4. World oil reserves have not been produced at anywhere near the rate that would have been possible if they had been developed as aggressively as those in the US.
5. The practical implication: consumption will soon run into production limits that are NOT GEOLOGICAL CONSTRAINTS but INVESTMENT CONSTRAINTS.
6. This does not imply that we're all in the clear. It means that the world is not producing oil as efficiently and quickly as it could, which will lead to much earlier shocks and much earlier economic dislocation.
In summary, Reynold's thesis is that the world is not producing oil as effectively as it could. That implies that shocks will come sooner than predicted by geological considerations. The shocks will push the restructing process and pain earlier that would occur if the world had produced along a true geological curve.
The work of Campbell et. al., as far as I can tell, does not take any of this into account. There is more investigation to be performed. But it all agrees with my general belief that we are headed for a long muddle.
And here's the problem:
1. It is still a problem. But
2. It may turn out to be more of a long muddle than a long emergency, and
3. We all know it's much easier to sell books called "The Long Emergency" than "The Long Muddle", particularly after that whole Y2K thing turned out to be a farce.
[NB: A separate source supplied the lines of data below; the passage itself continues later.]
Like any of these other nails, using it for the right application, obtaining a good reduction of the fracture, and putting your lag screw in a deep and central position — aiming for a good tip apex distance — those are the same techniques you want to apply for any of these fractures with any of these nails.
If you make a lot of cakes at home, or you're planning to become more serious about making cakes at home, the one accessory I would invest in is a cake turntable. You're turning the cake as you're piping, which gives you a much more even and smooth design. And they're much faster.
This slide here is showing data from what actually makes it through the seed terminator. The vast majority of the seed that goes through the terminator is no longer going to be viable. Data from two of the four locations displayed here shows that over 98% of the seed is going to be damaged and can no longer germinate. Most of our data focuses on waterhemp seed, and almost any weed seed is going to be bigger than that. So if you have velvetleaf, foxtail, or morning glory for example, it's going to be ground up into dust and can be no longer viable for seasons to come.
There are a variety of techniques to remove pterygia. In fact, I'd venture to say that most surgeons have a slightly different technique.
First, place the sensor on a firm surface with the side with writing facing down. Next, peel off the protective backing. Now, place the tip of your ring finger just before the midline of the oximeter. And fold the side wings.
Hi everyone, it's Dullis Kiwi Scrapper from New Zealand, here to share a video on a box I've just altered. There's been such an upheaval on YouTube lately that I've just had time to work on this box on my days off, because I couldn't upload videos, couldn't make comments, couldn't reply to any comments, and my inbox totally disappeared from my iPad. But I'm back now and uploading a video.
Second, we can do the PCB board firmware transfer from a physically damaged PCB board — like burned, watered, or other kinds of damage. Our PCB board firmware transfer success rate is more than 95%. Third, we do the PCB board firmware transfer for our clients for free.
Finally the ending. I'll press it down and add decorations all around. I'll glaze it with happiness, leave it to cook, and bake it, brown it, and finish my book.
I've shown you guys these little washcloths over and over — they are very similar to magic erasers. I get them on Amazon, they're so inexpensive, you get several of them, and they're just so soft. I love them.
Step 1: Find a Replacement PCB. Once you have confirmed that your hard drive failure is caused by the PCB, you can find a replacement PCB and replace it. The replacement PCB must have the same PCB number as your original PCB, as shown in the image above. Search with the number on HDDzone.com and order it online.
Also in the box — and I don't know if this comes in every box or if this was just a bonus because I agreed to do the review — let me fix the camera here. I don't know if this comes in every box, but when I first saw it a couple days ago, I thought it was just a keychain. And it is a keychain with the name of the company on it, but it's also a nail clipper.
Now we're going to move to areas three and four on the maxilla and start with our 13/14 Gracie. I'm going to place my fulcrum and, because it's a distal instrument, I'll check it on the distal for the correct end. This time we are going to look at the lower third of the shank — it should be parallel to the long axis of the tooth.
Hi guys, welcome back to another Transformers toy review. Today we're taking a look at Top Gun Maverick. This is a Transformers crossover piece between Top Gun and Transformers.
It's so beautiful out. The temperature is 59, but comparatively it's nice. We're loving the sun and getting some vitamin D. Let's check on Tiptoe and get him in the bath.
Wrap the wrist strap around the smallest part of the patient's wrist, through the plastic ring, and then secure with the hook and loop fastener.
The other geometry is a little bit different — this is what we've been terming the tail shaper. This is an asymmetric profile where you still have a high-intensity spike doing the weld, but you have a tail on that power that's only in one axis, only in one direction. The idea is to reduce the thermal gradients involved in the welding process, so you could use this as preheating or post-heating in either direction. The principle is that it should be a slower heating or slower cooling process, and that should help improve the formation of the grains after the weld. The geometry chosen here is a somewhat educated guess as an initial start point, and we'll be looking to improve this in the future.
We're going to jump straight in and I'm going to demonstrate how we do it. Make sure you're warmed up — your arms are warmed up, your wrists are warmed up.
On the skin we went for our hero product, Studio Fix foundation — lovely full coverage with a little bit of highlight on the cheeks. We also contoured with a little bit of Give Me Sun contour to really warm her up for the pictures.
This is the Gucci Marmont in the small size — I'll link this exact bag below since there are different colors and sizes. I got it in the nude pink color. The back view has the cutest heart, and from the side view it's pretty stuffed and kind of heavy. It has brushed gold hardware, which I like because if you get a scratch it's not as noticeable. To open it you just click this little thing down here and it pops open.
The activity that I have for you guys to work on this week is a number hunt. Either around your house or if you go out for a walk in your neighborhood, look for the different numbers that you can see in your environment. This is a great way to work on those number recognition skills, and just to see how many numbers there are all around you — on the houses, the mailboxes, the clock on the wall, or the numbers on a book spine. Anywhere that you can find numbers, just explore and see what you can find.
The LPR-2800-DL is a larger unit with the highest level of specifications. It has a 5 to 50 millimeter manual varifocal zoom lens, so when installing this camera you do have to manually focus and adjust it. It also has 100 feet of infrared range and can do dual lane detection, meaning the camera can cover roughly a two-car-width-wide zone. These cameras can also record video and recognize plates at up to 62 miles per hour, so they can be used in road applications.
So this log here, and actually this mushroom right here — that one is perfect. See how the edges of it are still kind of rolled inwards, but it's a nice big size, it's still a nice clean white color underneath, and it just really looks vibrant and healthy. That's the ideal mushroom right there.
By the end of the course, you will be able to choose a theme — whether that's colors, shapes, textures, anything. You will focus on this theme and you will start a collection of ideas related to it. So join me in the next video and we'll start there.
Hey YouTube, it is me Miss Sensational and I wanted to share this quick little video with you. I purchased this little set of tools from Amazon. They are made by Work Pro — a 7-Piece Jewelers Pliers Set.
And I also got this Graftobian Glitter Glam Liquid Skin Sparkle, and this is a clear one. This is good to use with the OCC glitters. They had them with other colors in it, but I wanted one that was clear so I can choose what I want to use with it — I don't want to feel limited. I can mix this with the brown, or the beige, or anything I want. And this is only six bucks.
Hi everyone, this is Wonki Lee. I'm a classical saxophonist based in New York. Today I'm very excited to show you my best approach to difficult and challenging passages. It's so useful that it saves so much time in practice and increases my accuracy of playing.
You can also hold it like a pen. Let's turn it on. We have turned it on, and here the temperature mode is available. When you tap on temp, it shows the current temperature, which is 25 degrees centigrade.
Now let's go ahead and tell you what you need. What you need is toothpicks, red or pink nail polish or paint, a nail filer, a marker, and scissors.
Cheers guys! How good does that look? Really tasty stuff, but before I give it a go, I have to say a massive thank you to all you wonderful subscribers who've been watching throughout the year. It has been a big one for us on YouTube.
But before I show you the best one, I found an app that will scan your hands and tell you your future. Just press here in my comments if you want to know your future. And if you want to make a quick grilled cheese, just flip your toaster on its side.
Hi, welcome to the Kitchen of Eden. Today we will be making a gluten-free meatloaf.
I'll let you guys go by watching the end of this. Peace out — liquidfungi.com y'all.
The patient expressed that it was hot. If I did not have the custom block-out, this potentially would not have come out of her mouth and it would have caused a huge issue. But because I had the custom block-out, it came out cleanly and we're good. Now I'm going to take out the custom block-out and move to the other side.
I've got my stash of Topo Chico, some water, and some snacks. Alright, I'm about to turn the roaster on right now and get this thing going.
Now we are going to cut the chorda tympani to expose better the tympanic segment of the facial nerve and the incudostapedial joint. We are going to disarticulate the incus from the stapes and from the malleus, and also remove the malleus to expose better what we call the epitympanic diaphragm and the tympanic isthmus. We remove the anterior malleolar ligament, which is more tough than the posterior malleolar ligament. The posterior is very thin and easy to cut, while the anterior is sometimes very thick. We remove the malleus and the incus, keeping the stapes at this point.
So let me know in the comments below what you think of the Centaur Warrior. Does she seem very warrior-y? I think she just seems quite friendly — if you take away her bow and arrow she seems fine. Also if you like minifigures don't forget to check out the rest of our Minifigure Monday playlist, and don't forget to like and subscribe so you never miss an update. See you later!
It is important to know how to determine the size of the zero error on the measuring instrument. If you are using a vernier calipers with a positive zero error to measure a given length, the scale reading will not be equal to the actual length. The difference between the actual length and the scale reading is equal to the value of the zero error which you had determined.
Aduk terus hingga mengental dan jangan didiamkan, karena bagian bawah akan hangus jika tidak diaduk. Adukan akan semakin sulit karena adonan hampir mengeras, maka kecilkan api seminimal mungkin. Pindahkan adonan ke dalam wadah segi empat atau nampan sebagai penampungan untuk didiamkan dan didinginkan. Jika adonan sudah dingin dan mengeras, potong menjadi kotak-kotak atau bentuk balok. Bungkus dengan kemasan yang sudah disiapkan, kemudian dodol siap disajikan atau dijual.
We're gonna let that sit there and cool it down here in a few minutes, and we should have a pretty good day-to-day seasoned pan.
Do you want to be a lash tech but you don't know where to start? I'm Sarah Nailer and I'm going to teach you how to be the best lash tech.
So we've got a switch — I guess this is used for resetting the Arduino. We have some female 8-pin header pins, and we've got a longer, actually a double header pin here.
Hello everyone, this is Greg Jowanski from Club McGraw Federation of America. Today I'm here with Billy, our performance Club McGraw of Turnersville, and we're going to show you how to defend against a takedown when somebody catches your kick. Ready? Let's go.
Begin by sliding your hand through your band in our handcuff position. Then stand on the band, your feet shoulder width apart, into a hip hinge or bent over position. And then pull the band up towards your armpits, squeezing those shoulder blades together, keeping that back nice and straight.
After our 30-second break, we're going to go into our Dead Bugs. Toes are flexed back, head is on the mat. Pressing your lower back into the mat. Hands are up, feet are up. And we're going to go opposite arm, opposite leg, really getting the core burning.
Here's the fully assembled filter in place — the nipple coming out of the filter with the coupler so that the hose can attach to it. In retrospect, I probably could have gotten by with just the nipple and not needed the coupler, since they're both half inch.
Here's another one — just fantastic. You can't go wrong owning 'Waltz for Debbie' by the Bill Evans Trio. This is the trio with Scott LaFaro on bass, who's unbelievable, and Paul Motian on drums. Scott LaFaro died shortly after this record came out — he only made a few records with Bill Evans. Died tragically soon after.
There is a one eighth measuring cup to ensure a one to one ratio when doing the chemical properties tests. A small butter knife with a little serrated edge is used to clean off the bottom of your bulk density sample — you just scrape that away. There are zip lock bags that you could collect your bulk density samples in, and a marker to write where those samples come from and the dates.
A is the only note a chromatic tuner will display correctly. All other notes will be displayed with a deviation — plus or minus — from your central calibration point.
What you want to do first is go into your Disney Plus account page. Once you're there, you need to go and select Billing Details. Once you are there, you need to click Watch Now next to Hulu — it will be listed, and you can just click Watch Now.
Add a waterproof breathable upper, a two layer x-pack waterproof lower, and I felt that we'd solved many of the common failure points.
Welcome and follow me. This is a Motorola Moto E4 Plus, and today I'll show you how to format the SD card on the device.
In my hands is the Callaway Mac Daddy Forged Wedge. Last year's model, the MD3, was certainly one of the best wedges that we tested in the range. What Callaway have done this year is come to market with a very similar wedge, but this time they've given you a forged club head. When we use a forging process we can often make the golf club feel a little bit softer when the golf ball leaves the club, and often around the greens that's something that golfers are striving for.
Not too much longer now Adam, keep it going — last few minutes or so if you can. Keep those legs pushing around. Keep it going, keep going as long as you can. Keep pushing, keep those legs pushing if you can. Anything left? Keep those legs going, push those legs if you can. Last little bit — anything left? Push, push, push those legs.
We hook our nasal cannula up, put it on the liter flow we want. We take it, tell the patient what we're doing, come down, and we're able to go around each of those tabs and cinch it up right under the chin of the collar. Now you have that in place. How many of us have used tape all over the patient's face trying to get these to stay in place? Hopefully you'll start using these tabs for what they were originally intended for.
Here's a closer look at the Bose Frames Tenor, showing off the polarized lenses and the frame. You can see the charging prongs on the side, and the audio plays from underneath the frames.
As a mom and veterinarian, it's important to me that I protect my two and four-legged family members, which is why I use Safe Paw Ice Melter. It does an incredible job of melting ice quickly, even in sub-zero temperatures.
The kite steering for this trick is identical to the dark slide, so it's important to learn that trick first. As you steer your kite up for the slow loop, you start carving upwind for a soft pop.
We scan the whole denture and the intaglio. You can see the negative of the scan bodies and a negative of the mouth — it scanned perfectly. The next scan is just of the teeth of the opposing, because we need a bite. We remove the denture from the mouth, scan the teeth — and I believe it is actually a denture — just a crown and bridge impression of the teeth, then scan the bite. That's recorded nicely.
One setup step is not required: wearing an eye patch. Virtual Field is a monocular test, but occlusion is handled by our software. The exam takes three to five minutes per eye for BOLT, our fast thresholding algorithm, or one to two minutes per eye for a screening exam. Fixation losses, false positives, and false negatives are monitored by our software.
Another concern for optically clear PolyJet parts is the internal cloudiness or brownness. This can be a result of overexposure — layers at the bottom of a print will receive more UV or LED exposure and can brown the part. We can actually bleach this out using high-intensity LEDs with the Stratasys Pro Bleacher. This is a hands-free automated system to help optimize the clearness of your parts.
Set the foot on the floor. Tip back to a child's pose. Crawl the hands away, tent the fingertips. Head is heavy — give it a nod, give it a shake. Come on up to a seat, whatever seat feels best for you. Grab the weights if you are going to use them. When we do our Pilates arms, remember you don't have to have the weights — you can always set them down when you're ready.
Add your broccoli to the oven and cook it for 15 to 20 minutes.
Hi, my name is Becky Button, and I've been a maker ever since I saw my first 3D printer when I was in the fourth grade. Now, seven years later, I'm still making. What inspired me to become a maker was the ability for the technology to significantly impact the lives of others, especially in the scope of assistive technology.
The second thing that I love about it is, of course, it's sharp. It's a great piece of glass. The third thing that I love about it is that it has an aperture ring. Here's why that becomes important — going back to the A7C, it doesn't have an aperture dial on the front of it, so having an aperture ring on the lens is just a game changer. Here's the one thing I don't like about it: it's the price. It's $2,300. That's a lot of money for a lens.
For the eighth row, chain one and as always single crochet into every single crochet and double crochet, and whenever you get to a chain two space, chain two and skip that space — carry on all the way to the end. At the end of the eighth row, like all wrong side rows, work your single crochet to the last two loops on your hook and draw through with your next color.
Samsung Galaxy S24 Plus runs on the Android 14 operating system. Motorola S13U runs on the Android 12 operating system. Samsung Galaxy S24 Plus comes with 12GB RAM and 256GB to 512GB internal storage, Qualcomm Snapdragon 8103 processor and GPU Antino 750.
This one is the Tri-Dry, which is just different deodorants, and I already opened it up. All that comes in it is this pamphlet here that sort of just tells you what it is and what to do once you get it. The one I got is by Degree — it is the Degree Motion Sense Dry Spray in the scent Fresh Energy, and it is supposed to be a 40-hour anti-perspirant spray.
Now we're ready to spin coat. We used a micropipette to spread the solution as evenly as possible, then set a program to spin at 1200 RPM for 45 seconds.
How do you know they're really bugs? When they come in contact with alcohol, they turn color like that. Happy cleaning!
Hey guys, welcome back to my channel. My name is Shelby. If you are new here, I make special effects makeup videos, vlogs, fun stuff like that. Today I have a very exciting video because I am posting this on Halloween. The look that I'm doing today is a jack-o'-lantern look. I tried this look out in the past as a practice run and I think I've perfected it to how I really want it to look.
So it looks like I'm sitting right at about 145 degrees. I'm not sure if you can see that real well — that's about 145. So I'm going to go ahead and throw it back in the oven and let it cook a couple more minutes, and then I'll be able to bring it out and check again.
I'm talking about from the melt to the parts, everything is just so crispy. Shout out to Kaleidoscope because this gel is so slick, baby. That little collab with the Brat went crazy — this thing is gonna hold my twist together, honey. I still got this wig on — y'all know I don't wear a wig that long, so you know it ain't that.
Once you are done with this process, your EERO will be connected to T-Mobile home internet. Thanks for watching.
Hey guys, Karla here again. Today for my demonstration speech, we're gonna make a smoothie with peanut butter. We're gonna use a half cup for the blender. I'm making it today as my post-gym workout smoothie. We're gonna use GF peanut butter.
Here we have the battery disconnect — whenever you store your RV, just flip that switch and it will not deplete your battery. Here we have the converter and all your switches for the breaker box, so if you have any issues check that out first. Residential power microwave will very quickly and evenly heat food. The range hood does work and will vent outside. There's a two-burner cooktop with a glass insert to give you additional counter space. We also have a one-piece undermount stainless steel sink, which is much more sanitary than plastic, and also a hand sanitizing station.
People have to make up their own minds. They can believe in conspiracy theories, determine ways in which the die off will occur, make plans to off people of a particular color or nationality, discuss the tradeoffs of fiat currencies versus fiat gold (the govt can, by fiat, take your gold, so give up on thinking it has stable value).
Or people can come up with practical steps to help the world deal with what very well may be a long muddle. The end of growth at some point. Decline at some point. Dislocation. Etc.
Again, the problem is: The latter takes real work. It's much more fun to mindless speculate in the former.